Vielleicht schaffen es die USA, mit einer neuen isolationistischen Politik, über das Debakel einigermaßen, wenn auch nicht unbeschadet hinwegzukommen. Solange von Afghanistan kein neuer Terroranschlag ausgeht, braucht es sie nur bedingt zu scheren, was dort vor sich geht.
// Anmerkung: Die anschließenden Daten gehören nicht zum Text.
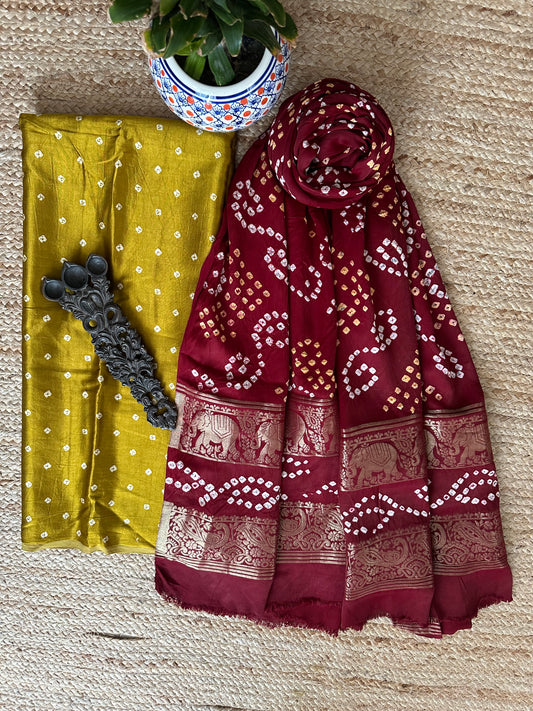 MUSTARD SINGLE DOT MASHRU  SILK KURTA WITH  BANDHANI DOTS HANDCRAFTED MODAL SILK DUPATTA PS- 10156
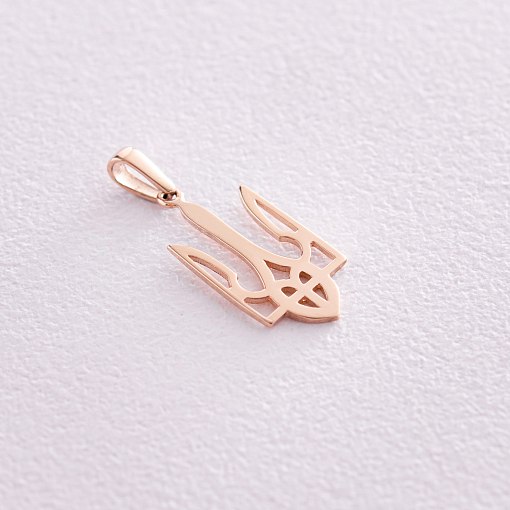 Кулон "Герб Украины - Тризуб" в красном золоте п03743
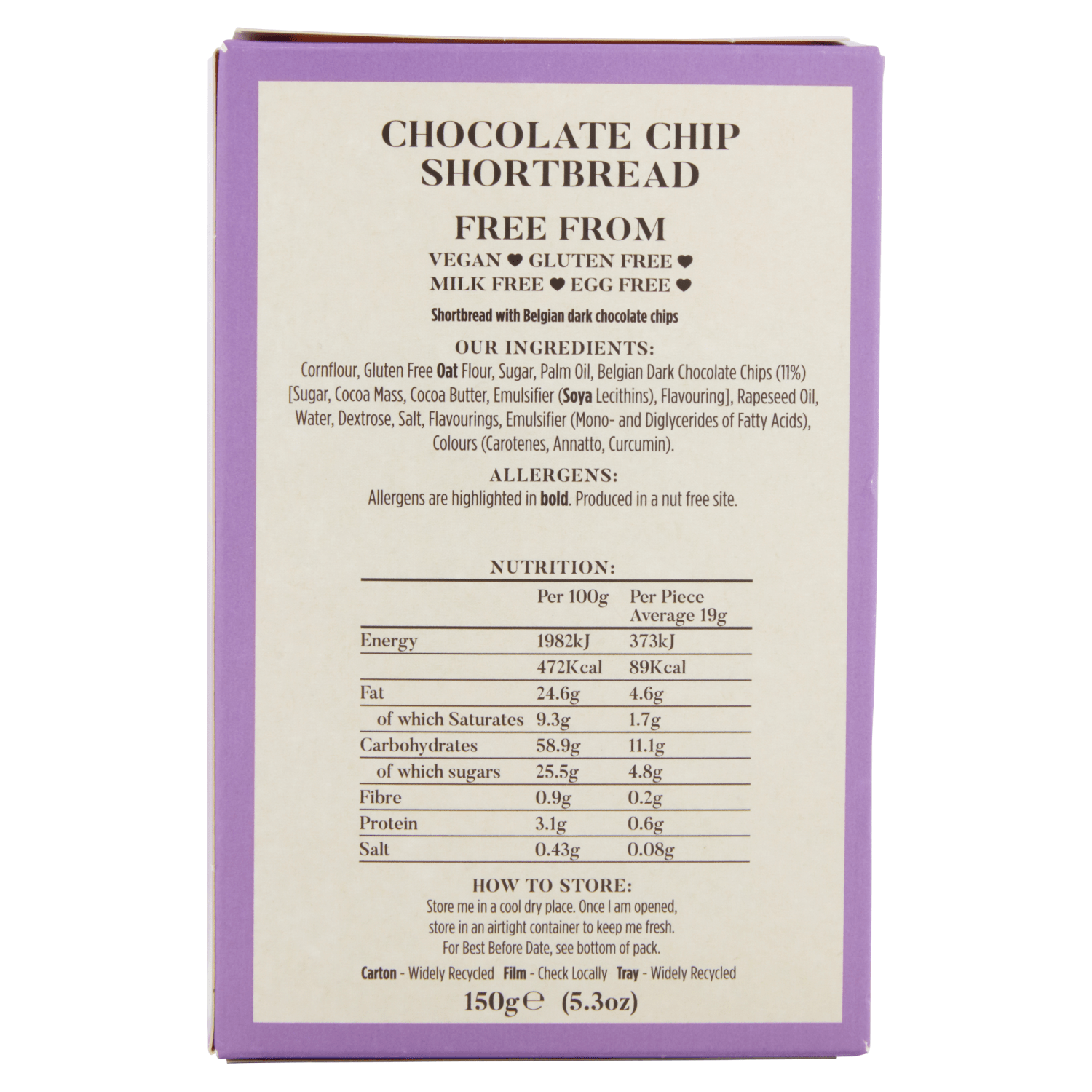 Lazy Day Foods Chocolate Chip Shortbread 150g - UK Food & Drink - 5060139660204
Für Europa sieht es ganz anders aus: Schon die Flüchtlingskrise 2015 hat den Kontinent bis auf die Grundfesten erschüttert, eine abermalige wird Europa vor noch größere und existentielle Probleme stellen.

Gerade deshalb folgt man den Szenen aus Afghanistan mit so großem Staunen, Entsetzen und Fassungslosigkeit: Die europäische Außenpolitik ist nicht nur zutiefst unmoralisch und kurzsichtig, sondern sie erweist auch als konterproduktiv und selbstdestruktiv – oder anders gesagt: als unfassbar dumm, schafft sie es doch nicht einmal, in ihrem eigenen Interesse das Richtige zu tun. Man will sich gar nicht vorstellen, wie man in zehn oder zwanzig Jahren auf das Jahr 2021 zurückblicken wird.